Let us use methods presented in the lecture for determining the accuracy of SBD (in particular, let us try to assess the accuracy of SBD using Precision and Recall metrics). 

In [6]:
positives = [shot[1].get_frames() for shot in shot_list]
print(positives)

[60, 780, 1386, 1662, 1939, 2185, 2461, 4120, 12999, 13544, 14159, 16551, 19796, 20998, 22079, 25046, 25618, 30956, 34542, 34999, 35305, 35611, 35973, 40058, 40098]


In [7]:
with open('ref_UGS05.csv') as file_object:
    ground_truth = [int(line) for line in file_object.readlines()[1:]]
print(ground_truth)

[60, 780, 1386, 1662, 1939, 2185, 2461, 4120, 12999, 13544, 14159, 16551, 19796, 20998, 22079, 23041, 24163, 25046, 27080, 29383, 30956, 31320, 34542, 34999, 35305, 35611, 35973, 36575, 36877, 37959, 38861, 40058]

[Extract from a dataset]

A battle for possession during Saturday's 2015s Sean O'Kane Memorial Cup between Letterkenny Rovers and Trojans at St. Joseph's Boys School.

Obtaining lists of true positives and false positives:

In [8]:
true_positives = []
false_positives = []
for positive in positives:
    if positive in ground_truth:
        true_positives.append(positive)
    else:
        false_positives.append(positive)

In [9]:
print(true_positives)

[60, 780, 1386, 1662, 1939, 2185, 2461, 4120, 12999, 13544, 14159, 16551, 19796, 20998, 22079, 25046, 30956, 34542, 34999, 35305, 35611, 35973, 40058]


In [10]:
print(false_positives)

[25618, 40098]


Obtaining values of $t_p$ and $f_p$:

In [11]:
tp = len(true_positives)
print(tp)

23


In [12]:
fp = len(false_positives)
print(fp)

2


Obtaining list of false negatives:

In [13]:
false_negatives = [
    false_negative for false_negative in ground_truth if false_negative not in positives
]
print(false_negatives)

[23041, 24163, 27080, 29383, 31320, 36575, 36877, 37959, 38861]


Obtaining value of $f_n$:

In [14]:
fn = len(false_negatives)
print(fn)

9


Ontaining value of $t_n$:

In [15]:
with open('stats_file.txt') as file_object:
    tn = len(file_object.readlines()) - tp - fp - fn
print(tn)

40064


Obtaining values of Precision, Recall and Accuracy:

In [16]:
p = tp / (tp + fp)
print(p)

0.92


In [17]:
r = tp / (tp + fn)
print(r)

0.71875


In [18]:
a = (tp + tn) / (tp + tn + fp + fn)
print(a)

0.9997256721033468


If time permits, after testing SBD for video content with easily detectable shot boundaries, please try downloading the video (or videos) where shot boundaries are not so visible. Please do the tests for these videos as well.

## Report

In a report (if required – please check) please consider methods presented in the lecture for determining the accuracy of SBD.